- _ACTIVITY_:
From the line containing "King Tut's Treasure" through the last line of the entries below, transcribe each line exactly, excluding any picture.

- _SUPPLIED DATA_:
====

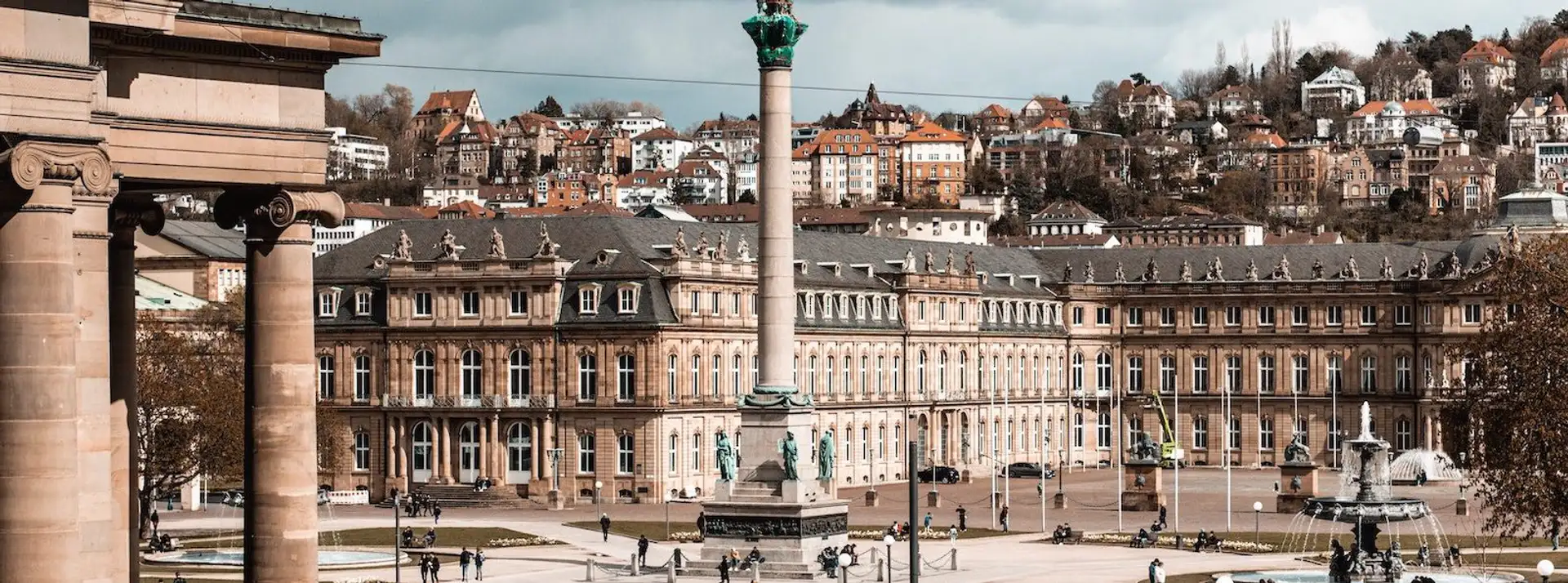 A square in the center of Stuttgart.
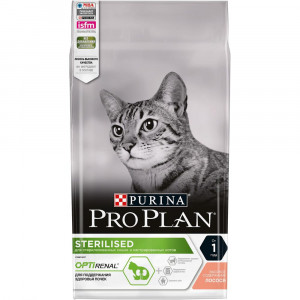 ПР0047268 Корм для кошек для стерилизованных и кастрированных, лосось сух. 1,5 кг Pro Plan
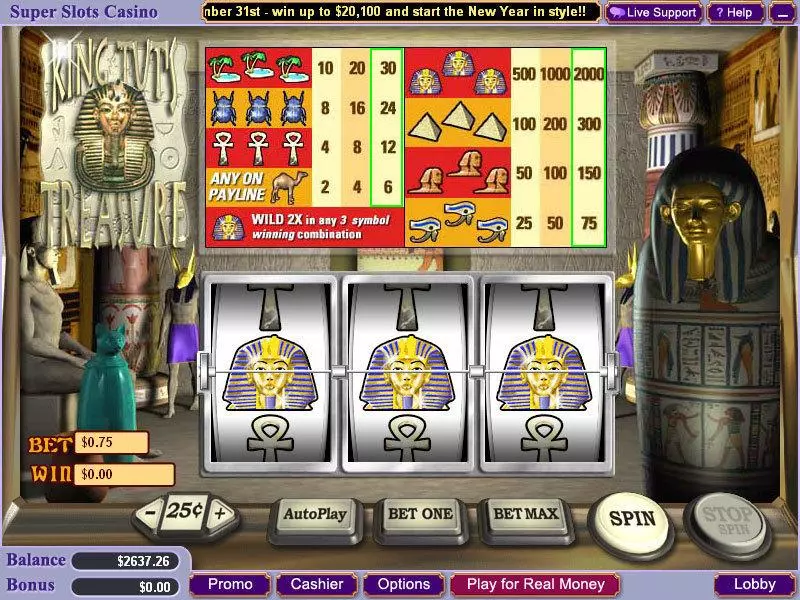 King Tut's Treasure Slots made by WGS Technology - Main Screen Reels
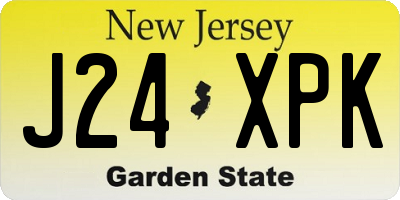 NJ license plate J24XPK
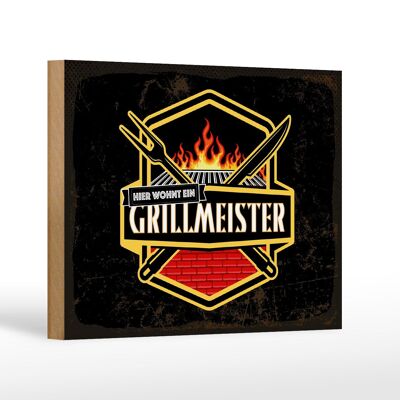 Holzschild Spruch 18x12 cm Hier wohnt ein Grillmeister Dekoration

====

- _RESPONSE AREA_:
 King Tut's Treasure Slots made by WGS Technology - Main Screen Reels
 NJ license plate J24XPK
 Holzschild Spruch 18x12 cm Hier wohnt ein Grillmeister Dekoration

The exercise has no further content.